ホワイトペーパーとはその名の通り、白書のことを指します。「文部科学省教育白書」といった言葉を目にした方も多いかもしれませんが、もともとは政府が公開する文章のことを指す言葉です。
こうした意味あいが転じて、マーケティングの分野では、企業が自社製品やサービスの機能や業界動向をまとめたもののことを指すようになりました。インターネット環境が整った現代では、PDFなど容易に閲覧ができる形式で、企業のホームページやメディアに掲載されていることが一般的です。
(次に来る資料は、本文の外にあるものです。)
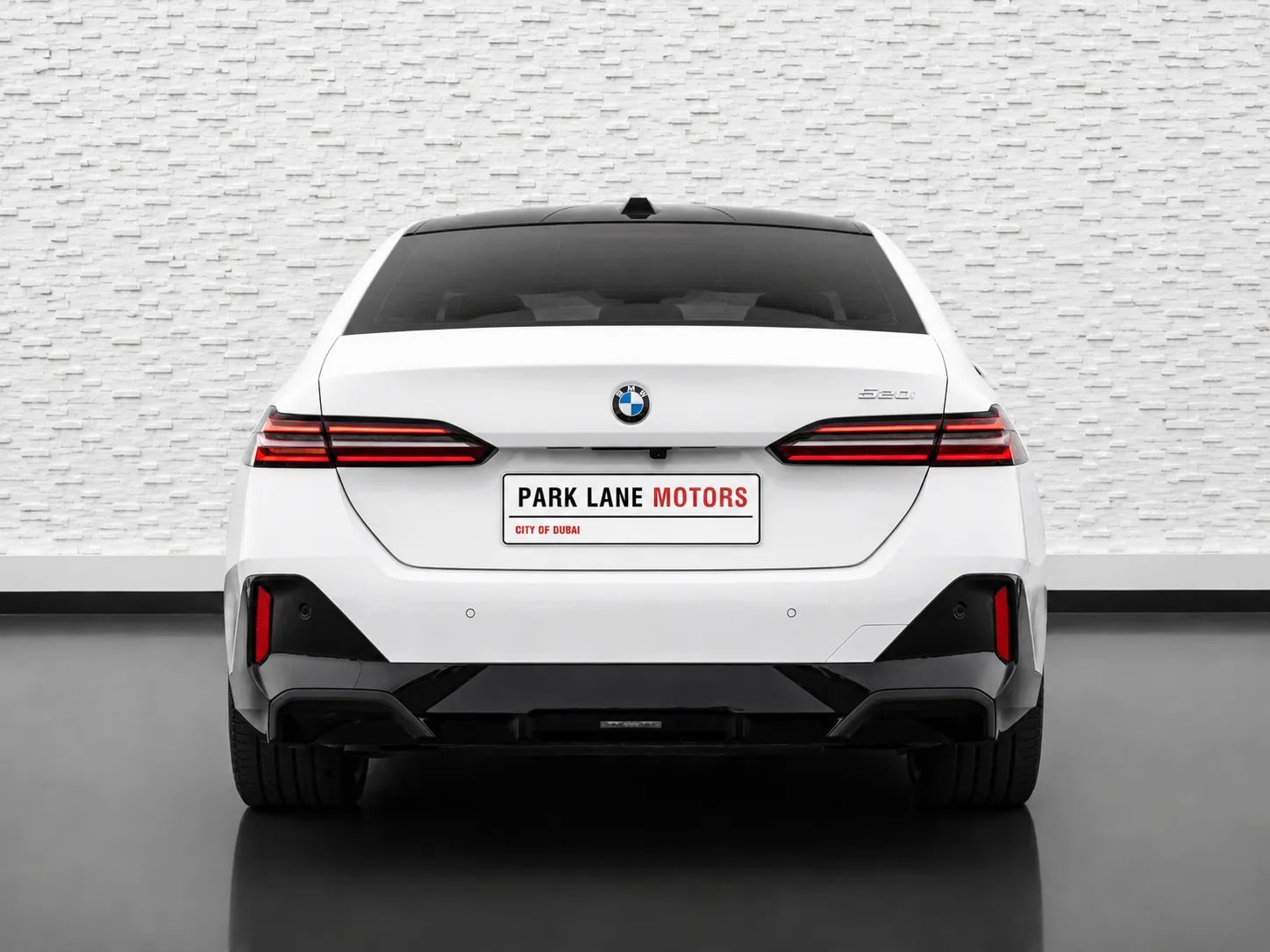 2024 BMW 5 Series photo 4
就職活動時の企業研究で利用したという方もおられるのではないでしょうか。
仮想通貨業界のホワイトペーパーも基本的にはマーケティングで使われる、ホワイトペーパーに近いものなのです。ですが現在の仮想通貨業界が置かれている状況を考えると少し、様相が異なっています。。
仮想通貨業界のホワイトペーパー=技術や仮想通貨の最終的な目的などを記したもの
仮想通貨業界ではホワイトペーパーはユースケースや予想される市場規模から、該当仮想通貨で利用されている技術の仕様を含めた、ほとんど全ての情報が網羅的に掲載されているものを指します。
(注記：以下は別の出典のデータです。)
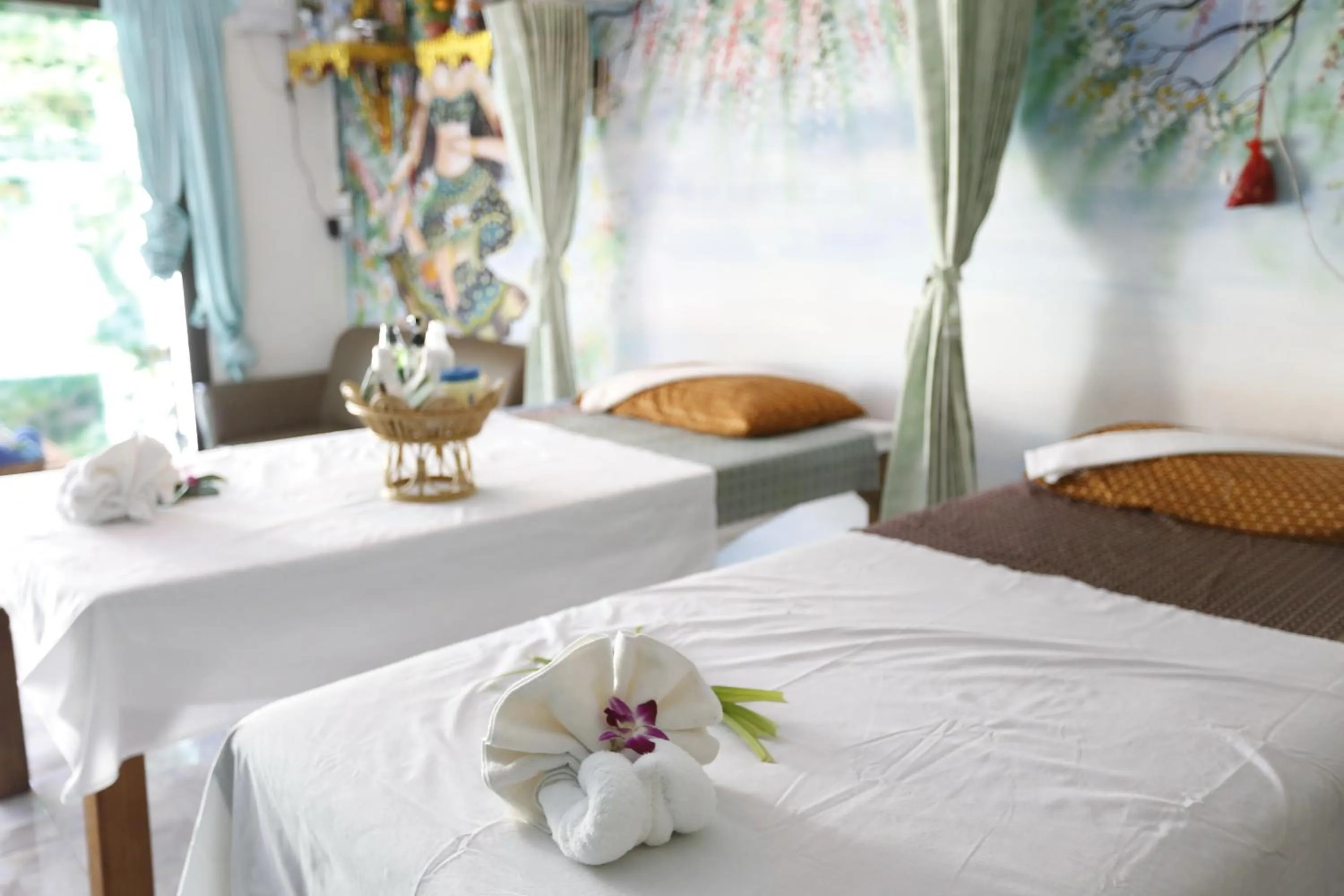 Spa and wellness centre/facilities, Bed in Baan Kamala Backpacker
仮想通貨によってはチームの沿革なども記載されているほど。投資家や購入者向けに、仮想通貨の概要を伝える目的で発行された文章という意味合いを持っているのです。
現状仮想通貨の多数は日本国外で発行されていることもあり、仮想通貨のホワイトペーパーは英語で書かれていることが一般的です。また中には専門的なプログラミングあるいはシステムに関する知識がないと読み解けないものも含まれています。
ここまでの説明だと、語学的なもの以外や、内容が難しいという以外は、マーケティング分野のホワイトペーパーとあまり大きな違いはないのでは?と疑問をお持ちの方も多いでしょう。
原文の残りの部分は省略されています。